** TASK INPUTS follows **

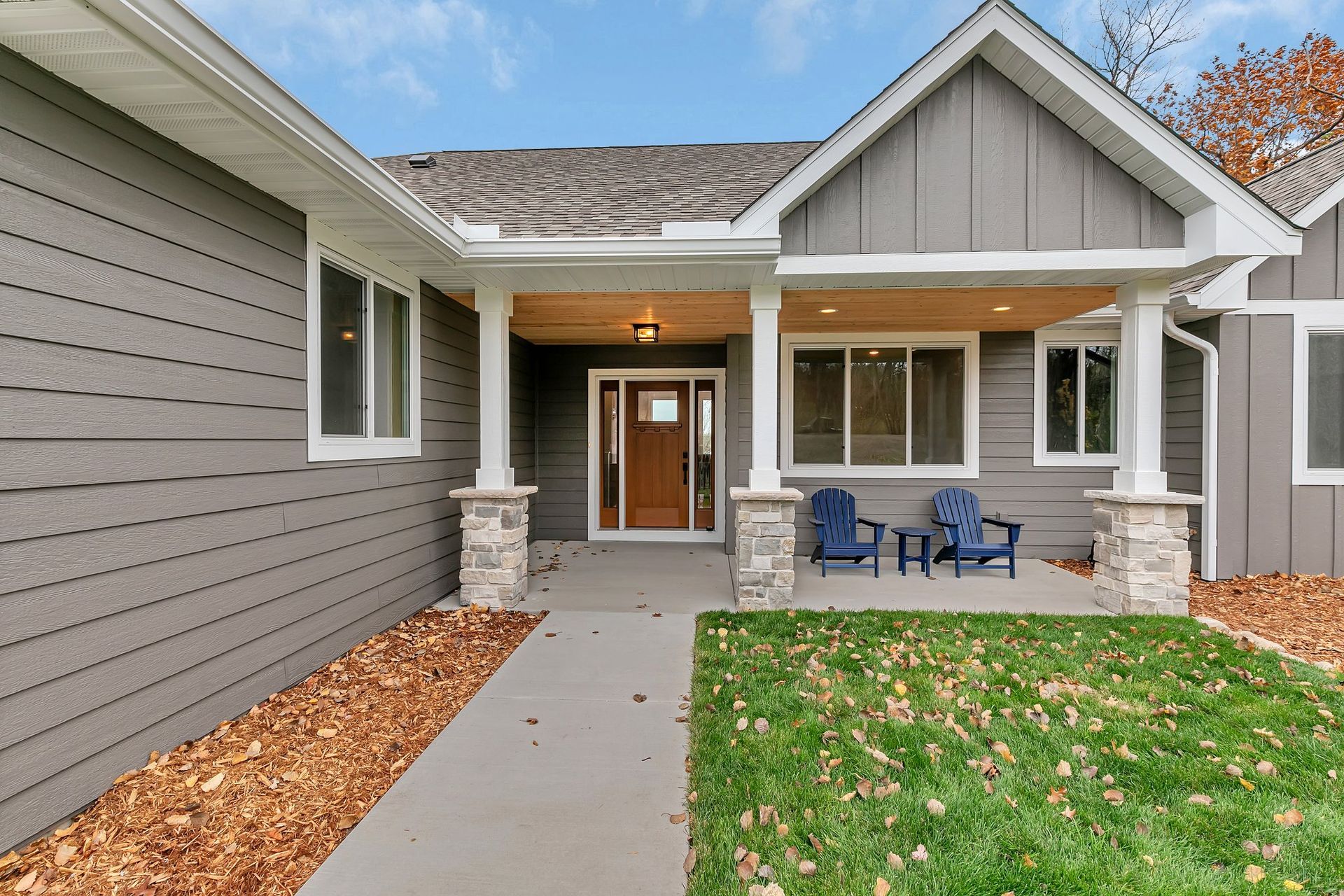 A gray house with a porch and chairs in front of it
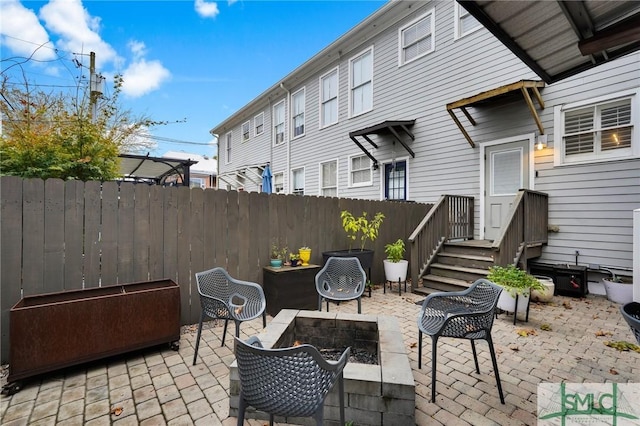 view of patio / terrace featuring an outdoor fire pit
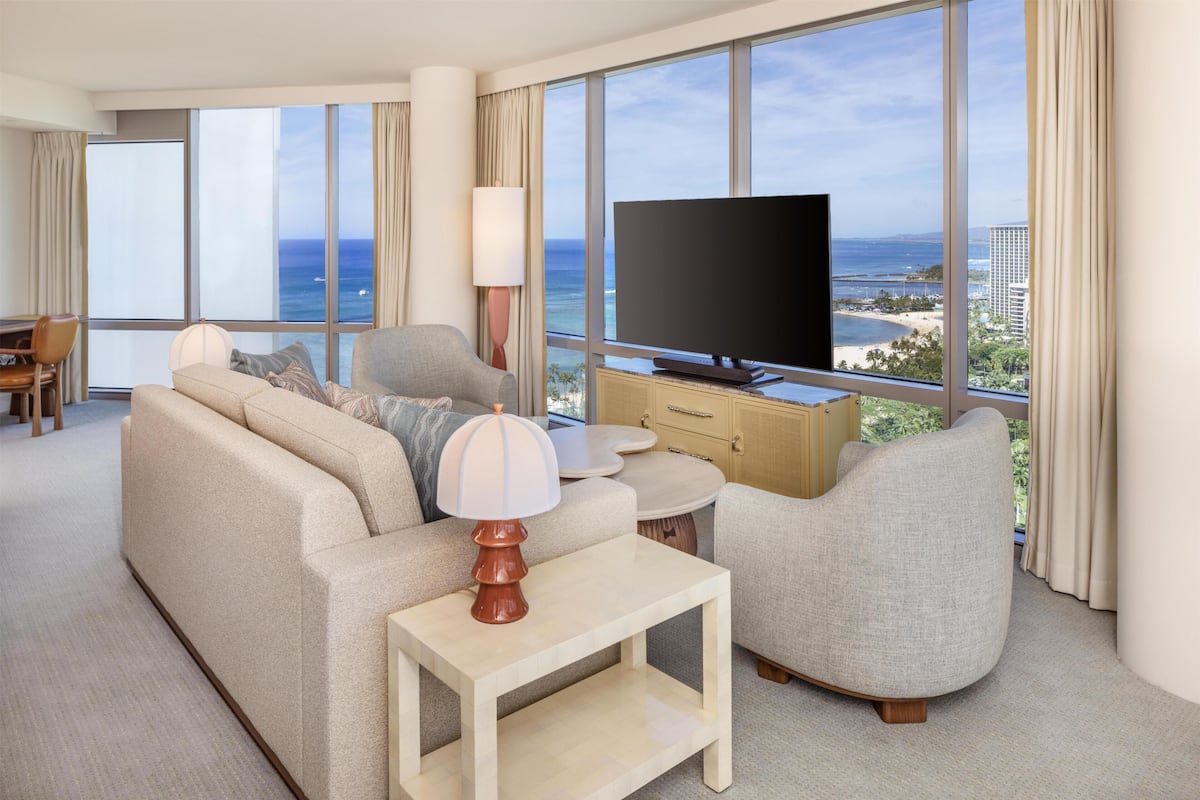 Een moderne hotelkamer met een groot raam, een flatscreen televisie, een bank, een stoel, een lamp en een kleine tafel.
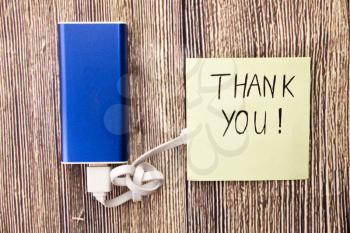 Thank You note, and blue colored energy bank and USB cable is attached. In above picture gratitude, appreciation, or acknowledgment is benig expressed.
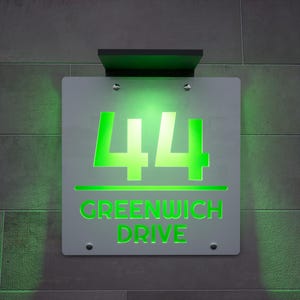 以下が含まれることがあります： 明るい緑色で「44」の数字と「GREENWICH DRIVE」の文字が表示された、照明付きの住所看板。 看板は灰色のタイルの壁に取り付けられており、黒い上部が付いています。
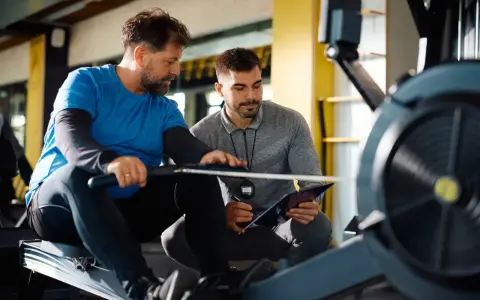 Trener personalny omawia z klientem postępy na tablecie, siedząc na wioślarzu. Zastanawiasz się, ile zarabia trener personalny?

** End of TASK INPUTS **

Only the lines starting at the one with "Een moderne hotelkamer" and ending at the one with "Thank You note, and" should be printed, each exactly as it appears in the material above; the pictures are to be omitted.

 Een moderne hotelkamer met een groot raam, een flatscreen televisie, een bank, een stoel, een lamp en een kleine tafel.
 Thank You note, and blue colored energy bank and USB cable is attached. In above picture gratitude, appreciation, or acknowledgment is benig expressed.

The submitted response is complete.